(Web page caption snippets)
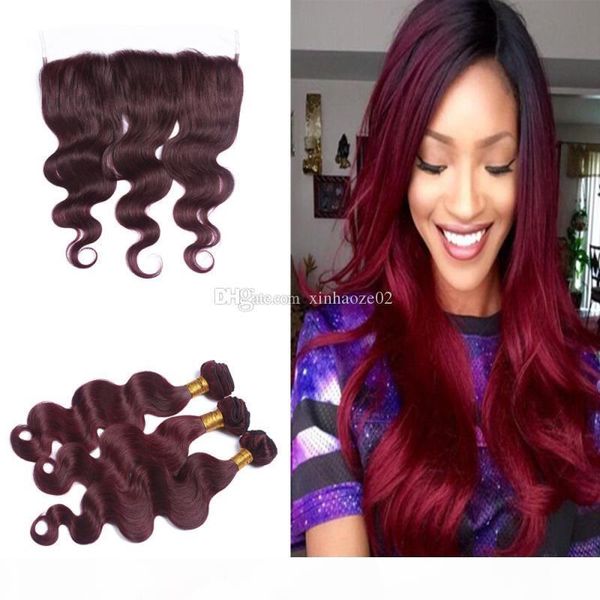 

burgundy brazilian hair with lace frontal 4pcs lot 99j wine red body wave virgin human hair bundles with lace frontal closure, Black;brown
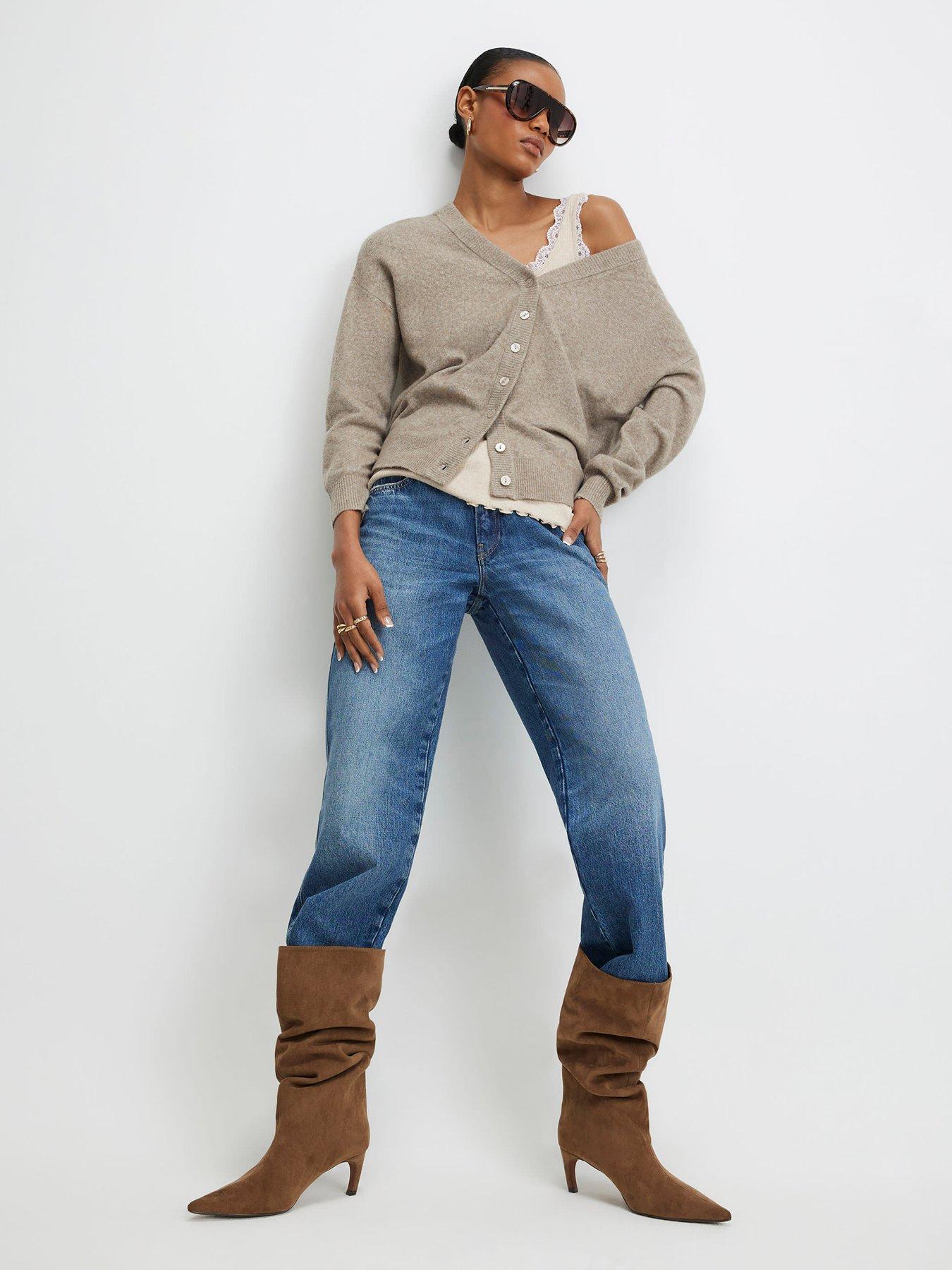 Image 3 of 4 of River Island Knitted V Neck Cardigan - Brown
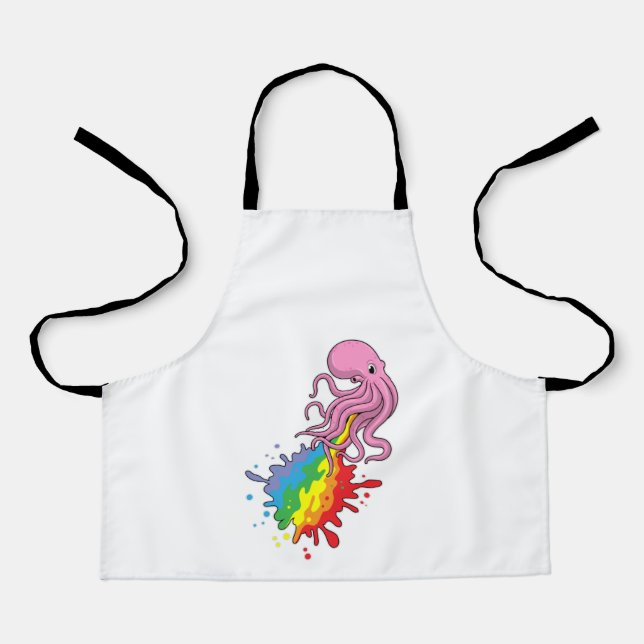 Delantal Octopus con arcoiris (Anverso)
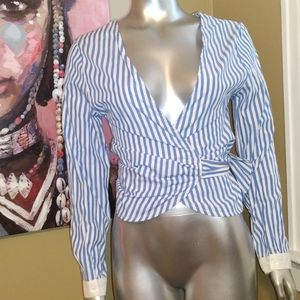 Dicloud light blue white wrapped blouse top shirt wrap classic medium striped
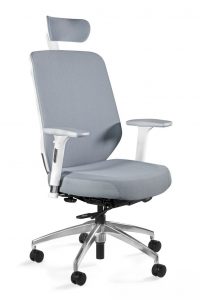 Fotel biurowy, ergonomiczny, Hero, biały, szary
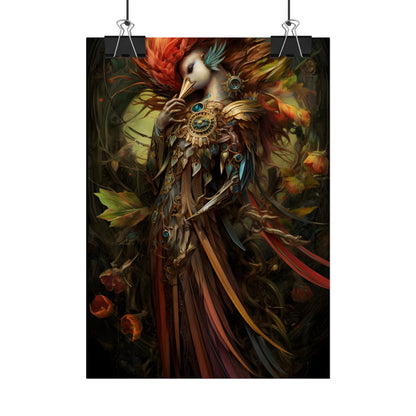 Grand Statue of a Majestic Bird in Serene Setting - Poster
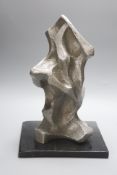 A silvered composition sculpture, height 40cm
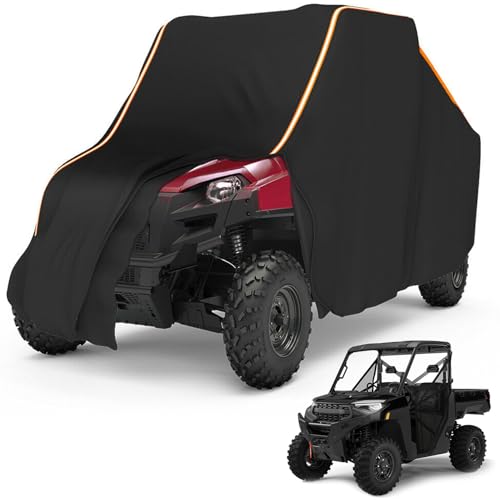 KEMIMOTO UTV Cover 2 Seater All-Weather Protection, Compatible with Polaris Ranger XP 1000/ Mule/Pioneer/Wolverine/CFMOTO UForce, Ranger Cover 2-3 Seater PU Oxford Cloth Windproof Medium Size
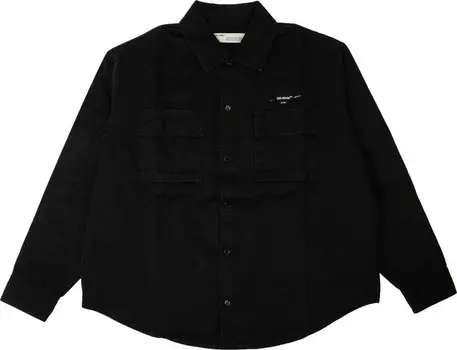 Рубашка Off-White Work Shirt 'Black / White', черный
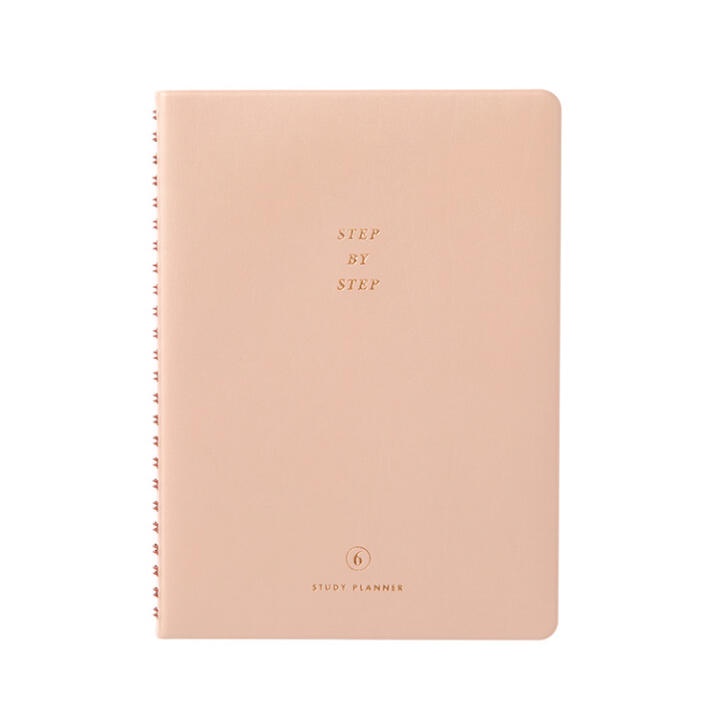 Sổ Planner Nhật Kí ARTBOX Hàn Quốc Bìa Màu Hồng Phấn In Chữ STEP BY STEP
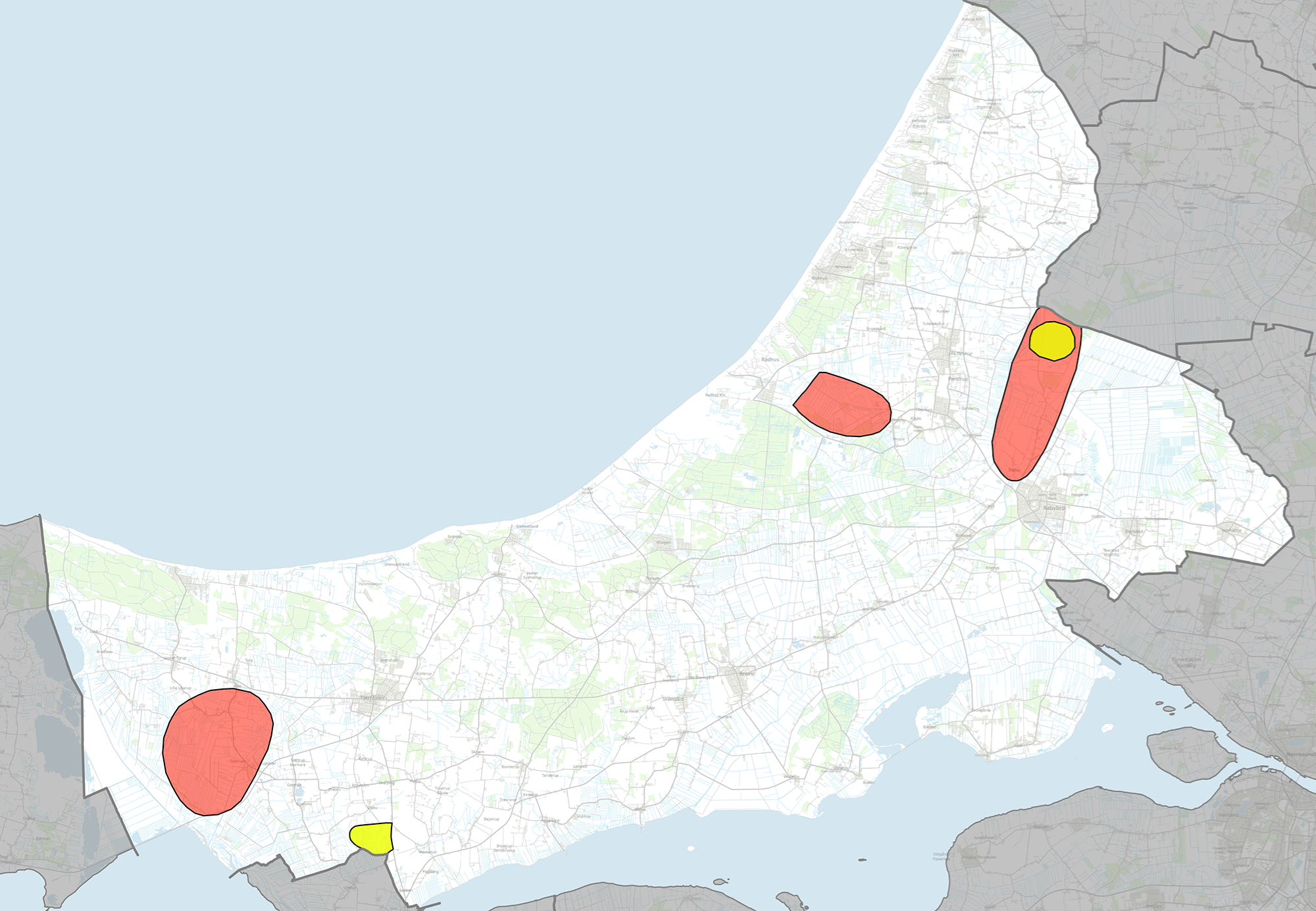 Interesseområder: solceller (rødt), biogas (gult)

◆ PROBLEM TO WORK ON:
All of the entries, apart from the pictures, must be returned exactly.

◆ SOLUTION TO THE EXERCISE:
burgundy brazilian hair with lace frontal 4pcs lot 99j wine red body wave virgin human hair bundles with lace frontal closure, Black;brown
 Image 3 of 4 of River Island Knitted V Neck Cardigan - Brown
 Delantal Octopus con arcoiris (Anverso)
 Dicloud light blue white wrapped blouse top shirt wrap classic medium striped
 Fotel biurowy, ergonomiczny, Hero, biały, szary
 Grand Statue of a Majestic Bird in Serene Setting - Poster
 A silvered composition sculpture, height 40cm
 KEMIMOTO UTV Cover 2 Seater All-Weather Protection, Compatible with Polaris Ranger XP 1000/ Mule/Pioneer/Wolverine/CFMOTO UForce, Ranger Cover 2-3 Seater PU Oxford Cloth Windproof Medium Size
 Рубашка Off-White Work Shirt 'Black / White', черный
 Sổ Planner Nhật Kí ARTBOX Hàn Quốc Bìa Màu Hồng Phấn In Chữ STEP BY STEP
 Interesseområder: solceller (rødt), biogas (gult)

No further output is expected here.